### [DATASET SECTION]
+ + + + + + +
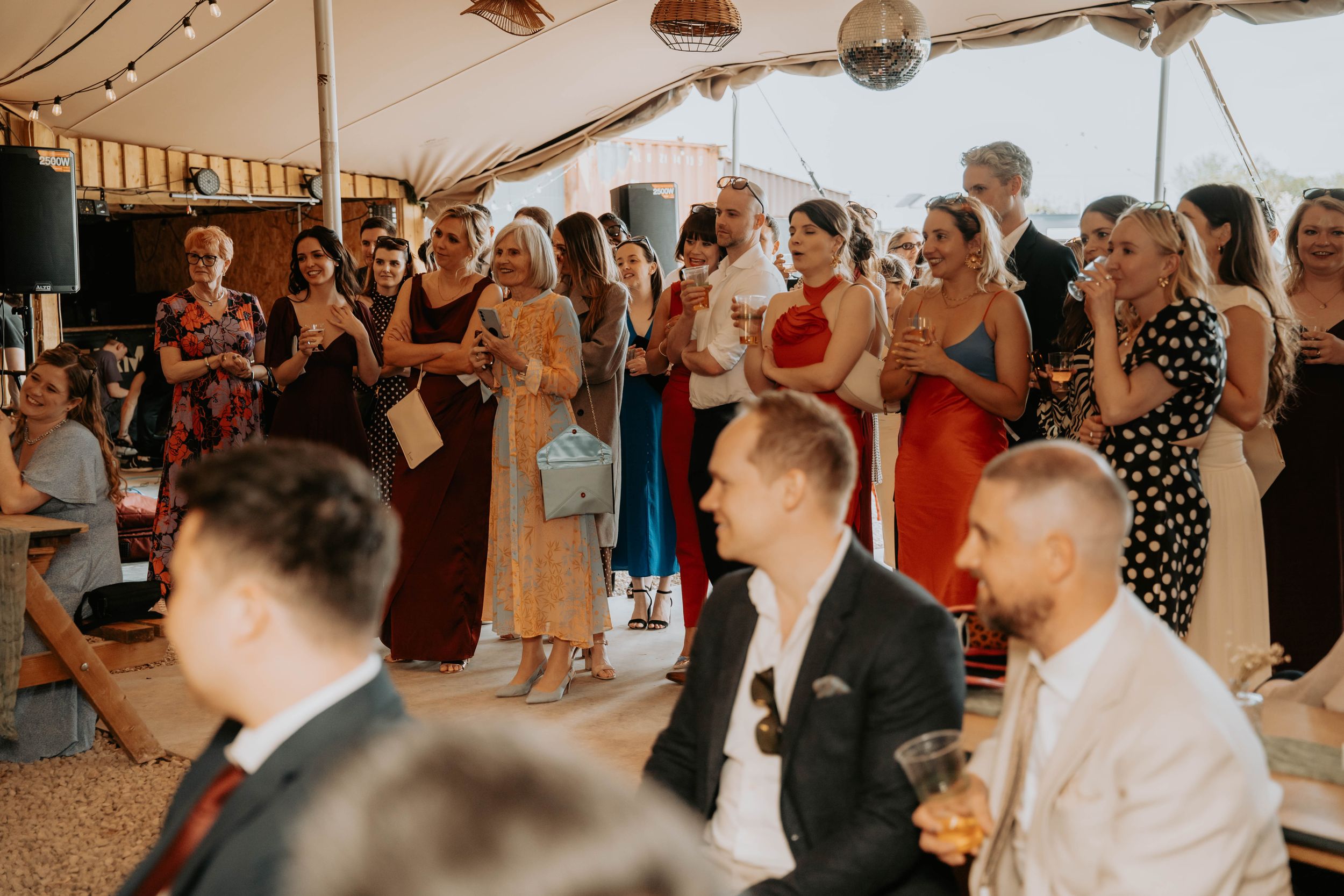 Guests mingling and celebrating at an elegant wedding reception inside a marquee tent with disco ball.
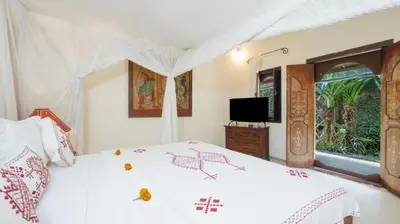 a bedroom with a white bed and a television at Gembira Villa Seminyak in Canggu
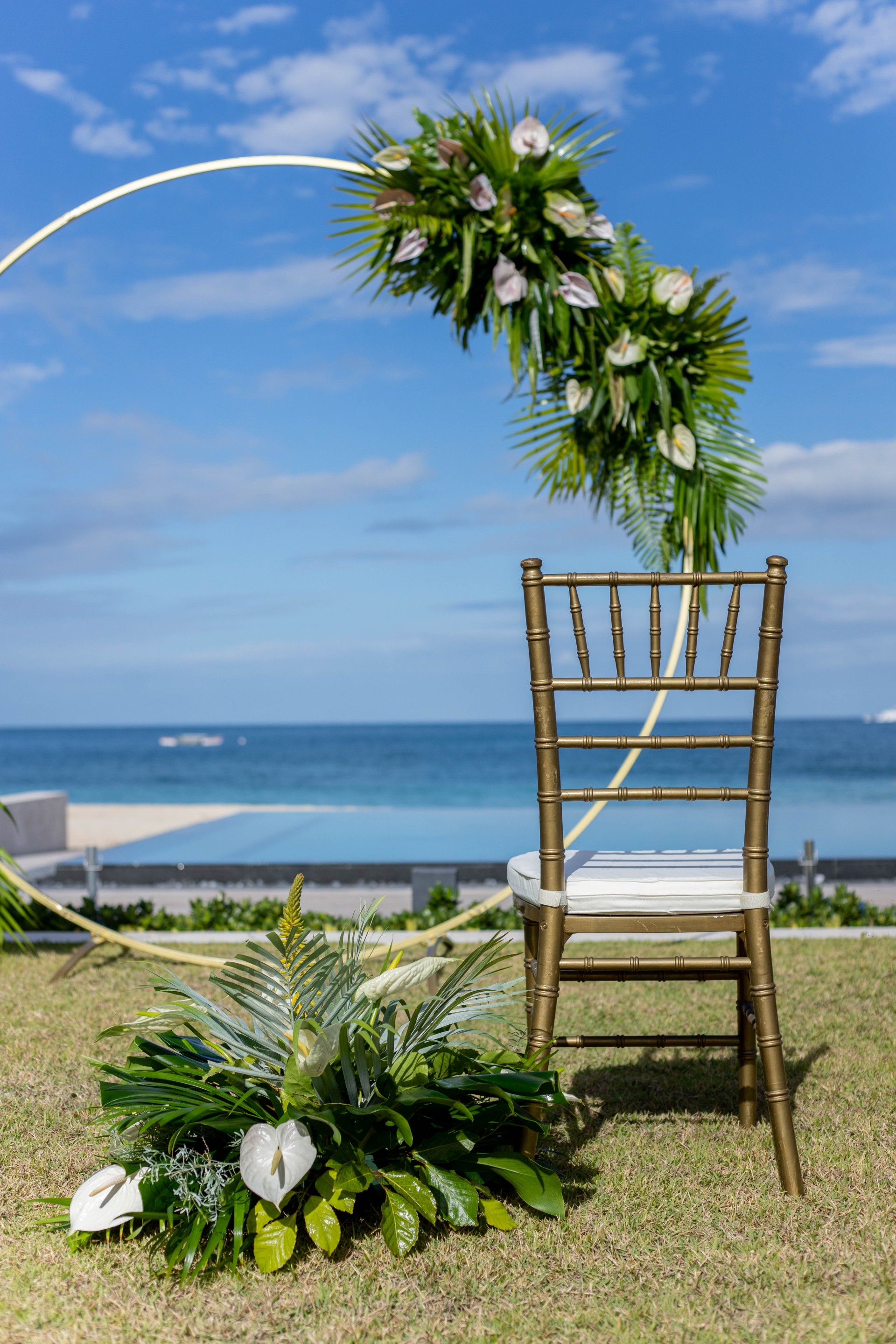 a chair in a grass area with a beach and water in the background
+ + + + + + +
### [PROBLEM TO SOLVE]
Apart from the pictures, all of the data should be repeated exactly.

### [ANSWER TO THE EXERCISE]
 Guests mingling and celebrating at an elegant wedding reception inside a marquee tent with disco ball.
 a bedroom with a white bed and a television at Gembira Villa Seminyak in Canggu
 a chair in a grass area with a beach and water in the background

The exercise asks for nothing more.